An old house than see new life after renovation
Modern wooden houses in Japan are said to last about 30 years. But rather than rebuilding their homes at the end of this period, there is an emerging trend for people to remodel their homes to suit changing family needs. Aside from the facts that renovating is cheaper than rebuilding and that the former generates less waste, another factor that cannot be dismissed is the impact of a popular weekly television show in which actual houses are beautifully made over. Eager to get the most out of the trend, homebuilders are beginning to focus on driving demand for home renovation.

TV Show Ignites Boom
The boom in home renovation is believed to have been set off by a nationally broadcast TV program on housing that has enjoyed high viewer ratings for over a year. The prime-time show is aired for an hour every Sunday evening. In it, skilled architects dramatically make over houses that the families living in them find inconvenient or problematic, impressing both the families and the viewers.

Focusing on the family that requested renovation and the architect who has been assigned the job, the show reports in documentary style the two months during which a house is revamped. The problems that clients have with their homes are various: To give a few instances, requests have come in from parents who need more space in the house because their coresiding son will be marrying and his wife will be joining the family, a son whose mother has become ill and bedridden, a family whose ties have been torn apart because of a small living room, and a family suffering from lack of sunlight due to the erection of a building next door. The point of the program lies in how the architect faces the challenge of solving these problems. The TV crew stays around the house throughout the duration of the project and documents the process in detail.

When the show started in April 2002 it did not go down well, as the public wondered what was so exciting about watching worksites on television. Eventually, though, viewers seem to have found it interesting after all, and now the show boasts viewer ratings in the twenties in spite of the fierce prime-time competition.

With every call for requests, the TV station hears from nearly 300 families. The staff members actually visit and survey the homes and select families that are seriously troubled. Whereas most TV shows on housing zoom in on unique residences and comfortable home living, this one focuses on the human drama that unfolds as a house is reborn. The inhabitants' faces transform when they see their homes renewed, making the show seem like a tale with a happy ending. As the producer, Iwata Jun, puts it, "The drama that arises from the encounter between an ordinary family and a skilled professional is what won the support of viewers."

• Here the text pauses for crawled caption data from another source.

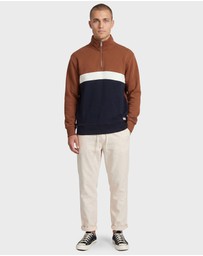 Academy Brand - Academy Contrast 1/4 Zip Sweat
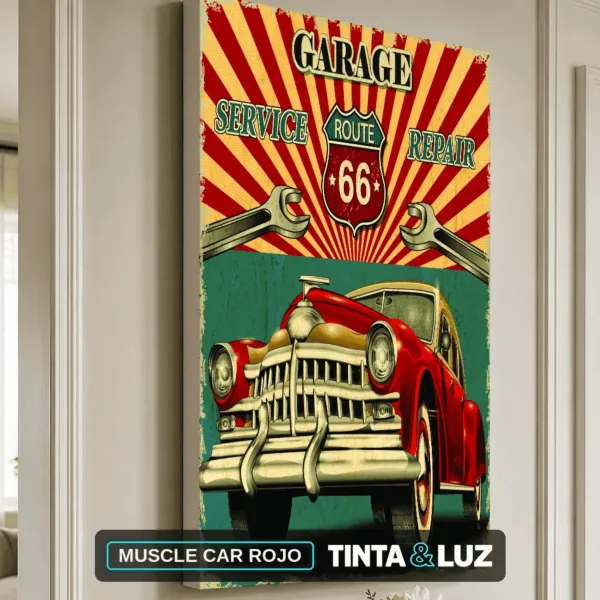 MUSCLE CAR ROJO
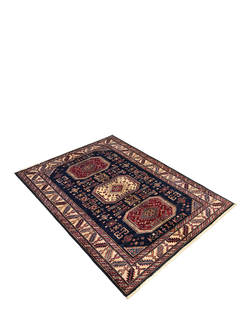 Gooch Oriental Supreme Kazak Pure Wool Rug, Blue, L180 x W127 cm - view 2, Blue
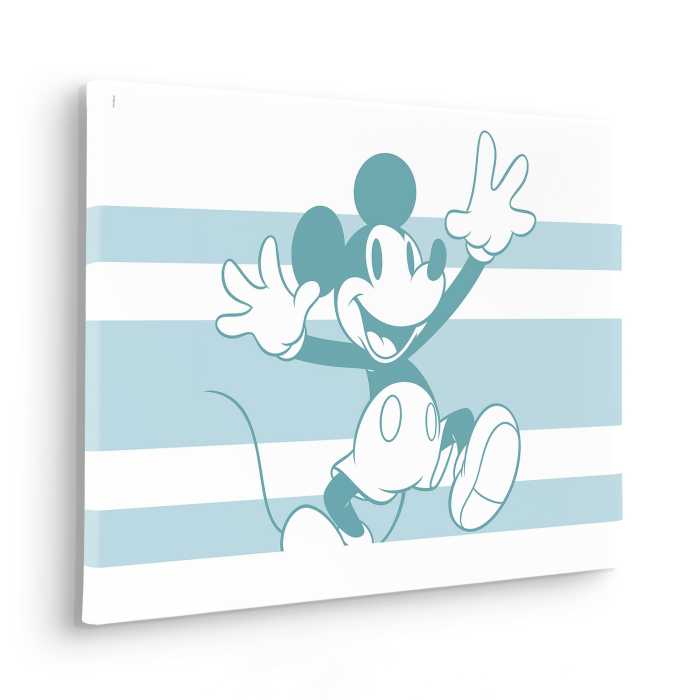 Vlies Bild auf Keilrahmen/ Echtholzrahmen Mickey Playful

Homebuilders Get In on the Act
In Japan over the past six postwar decades, old houses have been demolished one after another. It was widely believed that old houses are inconvenient to live in and that old things are of no value. But in recent years antique architecture has come to be seen with renewed enthusiasm, and a growing number of people are repairing and inhabiting ruined farmhouses and empty nagaya (row houses). In the Mukojima-Kyojima area of Tokyo's Shitamachi (old downtown) district, young artists and architects are moving into vacant nagaya. The area is experiencing rebirth as a cultural hot spot.

It cannot be denied that the prolonged recession has also been a prominent factor behind the current boom in home renovation. One successful business by a major homebuilder involves revamping old houses into an "as good as new" state at half the cost and time as actually rebuilding the house. And then there is the fact that demand for new houses is shrinking due to a declining birthrate. Homebuilders are relocating more personnel from their new housing operations - hitherto their main concern - to their renovation operations.

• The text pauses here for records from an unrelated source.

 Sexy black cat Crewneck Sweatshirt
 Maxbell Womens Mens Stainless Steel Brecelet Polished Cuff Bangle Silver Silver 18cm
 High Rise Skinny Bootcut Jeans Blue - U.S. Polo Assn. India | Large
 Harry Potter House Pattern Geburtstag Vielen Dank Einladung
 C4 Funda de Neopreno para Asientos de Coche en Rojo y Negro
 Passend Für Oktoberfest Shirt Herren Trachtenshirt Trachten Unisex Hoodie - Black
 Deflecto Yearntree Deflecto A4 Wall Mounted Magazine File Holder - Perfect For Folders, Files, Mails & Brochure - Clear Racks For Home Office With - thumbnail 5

At a recent symposium on housing, one expert gave the view that demand for home renovation will jump in coming years, noting, "In terms of a marathon analogy, the current boom in home renovation is still at the two-kilometer point and is yet to gain real momentum. According to estimates given by a leading economic research institute, the home renovation market grew 0.9% from 2001 levels to ¥7.12 trillion ($64.73 billion at ¥110 to the dollar) in 2002. Furthermore, the institute expects the market to expand 17.1% compared to 2002 levels by 2010 and 33.9% by 2020, reaching ¥9.54 trillion ($86.73 billion). Faced with a fast-growing market, homebuilders are drawing up strategies and gearing up to meet the new demand in haste.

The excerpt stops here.